SUMMARY OF THE DISCLOSURE
[0004]An electronic device, such as a head-mounted device, is equipped with or communicates with one or more input devices. In some examples, the input devices include one camera to detect a user's gaze and one or more cameras to detect an environment. In some examples, the input devices also include one or more text or audio input components (e.g., microphones, keyboards, touch sensor panels, etc.). In some examples, the electronic device uses the one or more cameras to capture an image of the environment and uses a user's gaze to capture a subset of the image of the environment (e.g., a cropped version of the image). In effect, the gaze is used to capture a region of interest toward which the gaze is directed. The region of interest can include one or more objects of interest. In some examples, one or more characteristics of the region of interest is based on the user query (e.g., a voice or text input). In some examples, the image, the subset of the image, and the user query are inputs from which an action can be determined. Use of gaze with the user query can improve the accuracy of the operation performed by the electronic device in response to the user input.
[0005]The full descriptions of the examples are provided in the Drawings and the Detailed Description, and it is understood that the Summary of the Disclosure provided above does not limit the scope of the disclosure in any way.

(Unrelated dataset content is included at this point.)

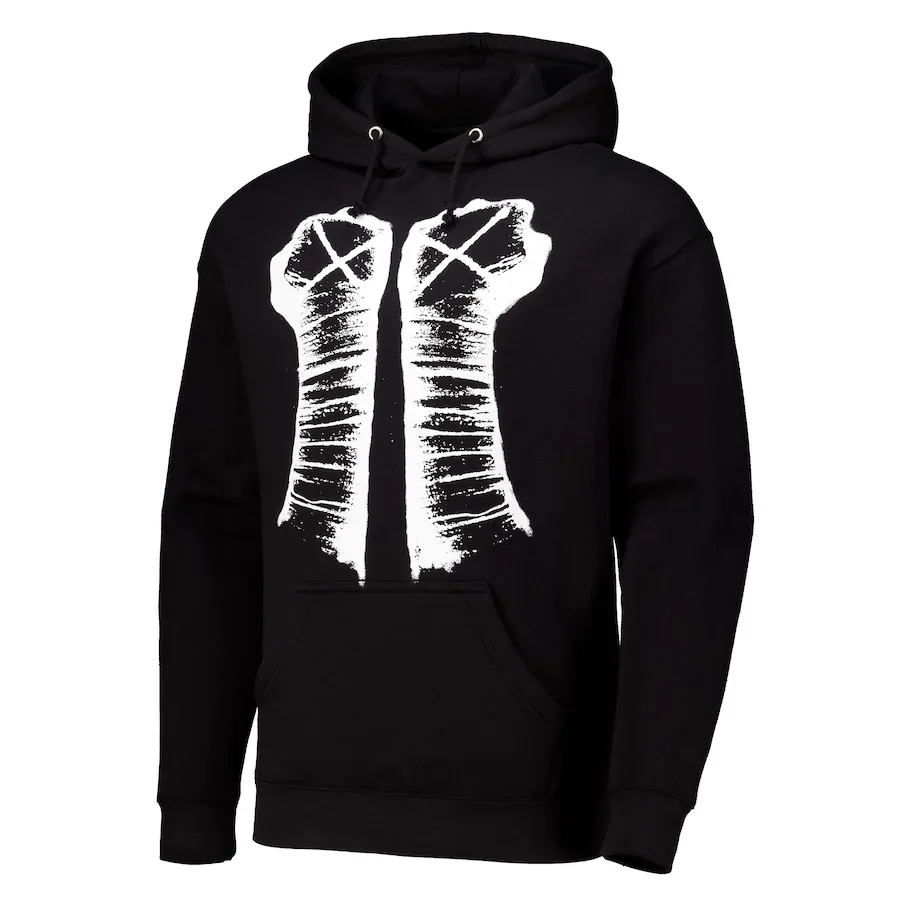 Autumn and Winter New Warm Same CM Punk Fist Printing Long-sleeved Men's and Women's Same Loose and Comfortable Hoodie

BRIEF DESCRIPTION OF THE DRAWINGS
[0006]For a better understanding of the various described examples, reference should be made to the Detailed Description below, in conjunction with the following drawings in which like reference numerals refer to the corresponding parts throughout the Figures.
[0007]
[0008]
[0009]
[0010]
DETAILED DESCRIPTION
[0011]In the following description of examples, reference is made to the accompanying drawings which form a part hereof, and in which it is shown by way of illustration specific examples that are optionally practiced. It is to be understood that other examples are optionally used, and structural changes are optionally made without departing from the scope of the disclosed examples.

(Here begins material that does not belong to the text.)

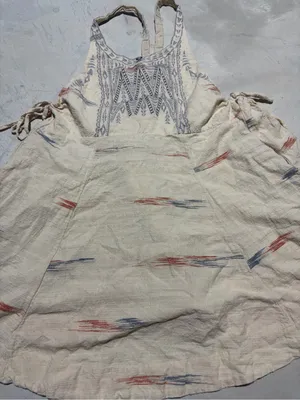 Free people arizona mini Boho Embroidered Cream dress XS thumbnail 4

[0012]An electronic device, such as a head-mounted device, is equipped with or communicates with one or more input devices. In some examples, the input devices include one cameras to detect a user's gaze and one or more cameras to detect an environment. In some examples, the input devices also include one or more text or audio input components (e.g., microphones, keyboards, touch sensor panels, etc.). In some examples, the electronic device uses the one or more cameras to capture an image of the environment and uses a user's gaze to capture a subset of the image of the environment (e.g., a cropped version of the image). In effect, the gaze is used to capture a region of interest toward which the gaze is directed. The region of interest can include one or more objects of interest. In some examples, one or more characteristics of the region of interest is based on the user query (e.g., a voice or text input). In some examples, the image, the subset of the image, and the user query are inputs from which an action can be determined. Use of gaze with the user query can improve the accuracy of the operation performed by the electronic device in response to the user input.
[0013]Although the following description uses terms “first,” “second,” etc. to describe various elements, these elements should not be limited by the terms. These terms are only used to distinguish one element from another. For example, a first touch could be termed a second touch, and, similarly, a second touch could be termed a first touch, without departing from the scope of the various described examples. The first touch and the second touch are both touches, but they are not the same touch.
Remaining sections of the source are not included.